Means complaints will not factor in Media Bureau finding of discrimination on part of operators

By John Eggerton -- Broadcasting & Cable, 1/27/2009 2:57:00 PM

Posted at 4:24 p.m. ET

In a victory for cable operators, the FCC is now expected to return a half-dozen program access complaints to an administrative law judge, which means the complaints will be adjudicated over a longer period of time and without factoring in the Media Bureau's tentative finding that the operators had discriminated against the complainants.

That is according to a source familiar with the swift-moving decision, which will be done on the commission's own motion, rather than in response to any of the specific filings by either party.

Operators had asked acting FCC Chairman Michael Copps to step in.

The move would preempt a Media Bureau deadline of Jan. 28 for filings related to the complaints, which had been lodged against Comcast, Cox, Time Warner and Brighthouse by the NFL Network, Wealth TV, and Mid-Atlantic Sports Network. The bureau had originally delegated fact-finding on the complaints to an FCC judge. But when that judge said it would take longer than the bureau's 60-day deadline for a decision, the Media Bureau reasserted its jurisdiction and tried to speed the process along. Operators backed the ALJ route, particularly since the judge also declined to count the tentative finding against. Programmers wanted the expedited schedule backed by the bureau and its former boss, FCC Chairman Kevin Martin.
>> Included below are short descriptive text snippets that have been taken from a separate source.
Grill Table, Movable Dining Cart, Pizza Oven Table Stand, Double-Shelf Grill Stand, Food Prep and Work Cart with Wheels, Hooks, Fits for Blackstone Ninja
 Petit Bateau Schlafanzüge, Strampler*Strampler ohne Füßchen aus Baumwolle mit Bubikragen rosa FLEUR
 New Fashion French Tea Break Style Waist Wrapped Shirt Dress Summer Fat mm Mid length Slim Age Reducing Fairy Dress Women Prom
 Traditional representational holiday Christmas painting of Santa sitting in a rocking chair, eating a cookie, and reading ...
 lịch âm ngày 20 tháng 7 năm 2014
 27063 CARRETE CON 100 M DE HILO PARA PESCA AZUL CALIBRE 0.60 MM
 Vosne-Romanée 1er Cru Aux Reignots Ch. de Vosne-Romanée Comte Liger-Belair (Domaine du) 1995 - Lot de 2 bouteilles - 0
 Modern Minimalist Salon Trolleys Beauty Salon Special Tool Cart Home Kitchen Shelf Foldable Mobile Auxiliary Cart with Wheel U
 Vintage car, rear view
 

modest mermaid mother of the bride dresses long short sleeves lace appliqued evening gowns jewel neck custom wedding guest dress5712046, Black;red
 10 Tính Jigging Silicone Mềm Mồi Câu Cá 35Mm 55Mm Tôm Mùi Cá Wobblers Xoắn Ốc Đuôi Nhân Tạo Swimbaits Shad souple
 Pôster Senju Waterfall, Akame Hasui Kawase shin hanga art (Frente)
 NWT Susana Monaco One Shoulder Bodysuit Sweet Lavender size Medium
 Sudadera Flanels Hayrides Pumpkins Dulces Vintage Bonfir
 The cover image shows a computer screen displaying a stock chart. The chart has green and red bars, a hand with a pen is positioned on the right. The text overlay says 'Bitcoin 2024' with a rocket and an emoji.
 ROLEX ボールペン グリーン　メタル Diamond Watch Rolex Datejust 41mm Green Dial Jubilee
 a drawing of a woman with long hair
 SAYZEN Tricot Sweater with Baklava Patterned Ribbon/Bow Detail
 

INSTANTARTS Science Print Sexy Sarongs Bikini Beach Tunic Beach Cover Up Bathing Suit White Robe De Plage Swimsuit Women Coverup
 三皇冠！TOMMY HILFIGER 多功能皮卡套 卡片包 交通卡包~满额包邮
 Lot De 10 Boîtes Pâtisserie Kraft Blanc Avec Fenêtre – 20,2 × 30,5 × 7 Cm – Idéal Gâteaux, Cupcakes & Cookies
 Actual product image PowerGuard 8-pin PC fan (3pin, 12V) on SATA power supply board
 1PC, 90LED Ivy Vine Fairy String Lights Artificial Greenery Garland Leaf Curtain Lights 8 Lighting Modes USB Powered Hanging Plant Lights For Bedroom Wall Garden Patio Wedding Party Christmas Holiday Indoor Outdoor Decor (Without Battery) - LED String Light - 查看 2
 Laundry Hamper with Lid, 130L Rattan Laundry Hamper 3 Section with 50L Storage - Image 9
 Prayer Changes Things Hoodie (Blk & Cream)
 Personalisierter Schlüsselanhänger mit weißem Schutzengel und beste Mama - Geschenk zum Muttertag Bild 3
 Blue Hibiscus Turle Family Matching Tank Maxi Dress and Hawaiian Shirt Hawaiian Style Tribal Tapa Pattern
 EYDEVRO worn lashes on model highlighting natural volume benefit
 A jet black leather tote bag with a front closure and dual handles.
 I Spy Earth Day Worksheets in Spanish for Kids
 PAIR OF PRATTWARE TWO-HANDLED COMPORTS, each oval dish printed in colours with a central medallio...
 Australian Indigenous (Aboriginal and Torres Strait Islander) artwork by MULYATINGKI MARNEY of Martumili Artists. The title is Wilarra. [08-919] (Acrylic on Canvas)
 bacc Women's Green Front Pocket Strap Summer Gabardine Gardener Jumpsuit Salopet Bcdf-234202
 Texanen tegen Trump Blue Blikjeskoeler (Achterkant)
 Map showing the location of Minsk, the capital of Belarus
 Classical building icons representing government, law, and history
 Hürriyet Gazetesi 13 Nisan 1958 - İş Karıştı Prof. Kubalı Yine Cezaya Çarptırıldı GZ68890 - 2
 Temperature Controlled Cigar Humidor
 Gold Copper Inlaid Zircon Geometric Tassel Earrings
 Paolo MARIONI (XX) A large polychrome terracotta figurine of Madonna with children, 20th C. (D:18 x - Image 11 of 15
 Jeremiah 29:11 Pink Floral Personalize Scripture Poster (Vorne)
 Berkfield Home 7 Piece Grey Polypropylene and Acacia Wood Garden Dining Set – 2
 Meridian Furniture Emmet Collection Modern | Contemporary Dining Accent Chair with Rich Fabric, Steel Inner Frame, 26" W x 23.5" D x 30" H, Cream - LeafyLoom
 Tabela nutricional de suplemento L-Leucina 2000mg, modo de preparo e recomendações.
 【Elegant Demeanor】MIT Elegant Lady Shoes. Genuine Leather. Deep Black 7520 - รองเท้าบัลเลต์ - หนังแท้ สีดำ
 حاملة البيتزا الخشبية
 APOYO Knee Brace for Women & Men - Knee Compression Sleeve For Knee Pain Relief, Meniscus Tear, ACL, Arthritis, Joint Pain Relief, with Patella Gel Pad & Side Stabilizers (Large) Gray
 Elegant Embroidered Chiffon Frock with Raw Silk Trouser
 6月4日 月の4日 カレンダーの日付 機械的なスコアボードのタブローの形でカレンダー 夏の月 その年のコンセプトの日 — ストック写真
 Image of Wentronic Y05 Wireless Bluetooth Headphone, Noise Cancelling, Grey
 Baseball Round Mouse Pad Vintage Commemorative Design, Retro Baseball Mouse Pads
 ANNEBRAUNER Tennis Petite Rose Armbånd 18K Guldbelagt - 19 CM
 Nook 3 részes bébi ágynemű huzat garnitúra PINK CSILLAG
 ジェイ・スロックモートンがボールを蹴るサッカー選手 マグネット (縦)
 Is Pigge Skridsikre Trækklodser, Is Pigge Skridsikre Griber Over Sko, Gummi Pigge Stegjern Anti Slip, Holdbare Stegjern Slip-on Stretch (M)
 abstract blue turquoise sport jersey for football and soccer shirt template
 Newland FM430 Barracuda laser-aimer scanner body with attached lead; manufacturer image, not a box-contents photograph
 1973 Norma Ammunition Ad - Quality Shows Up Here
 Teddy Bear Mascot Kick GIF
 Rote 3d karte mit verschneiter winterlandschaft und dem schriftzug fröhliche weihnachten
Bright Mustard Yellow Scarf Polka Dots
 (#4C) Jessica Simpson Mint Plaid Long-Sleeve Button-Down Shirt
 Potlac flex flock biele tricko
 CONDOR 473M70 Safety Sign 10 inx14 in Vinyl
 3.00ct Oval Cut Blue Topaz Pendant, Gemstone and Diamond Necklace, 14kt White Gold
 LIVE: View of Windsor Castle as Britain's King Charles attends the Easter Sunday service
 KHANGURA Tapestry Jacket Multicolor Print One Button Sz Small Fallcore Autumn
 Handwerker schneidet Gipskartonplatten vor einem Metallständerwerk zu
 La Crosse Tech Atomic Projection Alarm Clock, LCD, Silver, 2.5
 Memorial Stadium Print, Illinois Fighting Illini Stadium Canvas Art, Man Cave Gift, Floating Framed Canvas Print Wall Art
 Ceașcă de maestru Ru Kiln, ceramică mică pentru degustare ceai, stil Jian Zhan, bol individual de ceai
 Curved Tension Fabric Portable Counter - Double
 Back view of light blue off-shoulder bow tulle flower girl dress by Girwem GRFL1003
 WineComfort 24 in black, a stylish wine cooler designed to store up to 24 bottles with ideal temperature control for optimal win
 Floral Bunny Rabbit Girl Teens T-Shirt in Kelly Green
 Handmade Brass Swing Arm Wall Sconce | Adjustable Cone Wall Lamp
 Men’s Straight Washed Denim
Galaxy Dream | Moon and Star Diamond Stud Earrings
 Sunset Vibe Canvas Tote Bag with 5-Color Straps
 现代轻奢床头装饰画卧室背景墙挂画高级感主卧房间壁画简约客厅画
Saying they recognized the press of other matters, like the DTV transition, operators had argued in the letter to Copps that if prompt action on the review application or stay motion was impractical, Copps could always instruct the bureau to rescind the orders reclaiming jurisdiction, and allow the ALJ to continue along his planned schedule, which he put on hold last week.

The FCC appears to have taken the latter route.

Earlier Tuesday, programmers were busy preparing those filings under the expectation, and hope, that the deadline would hold.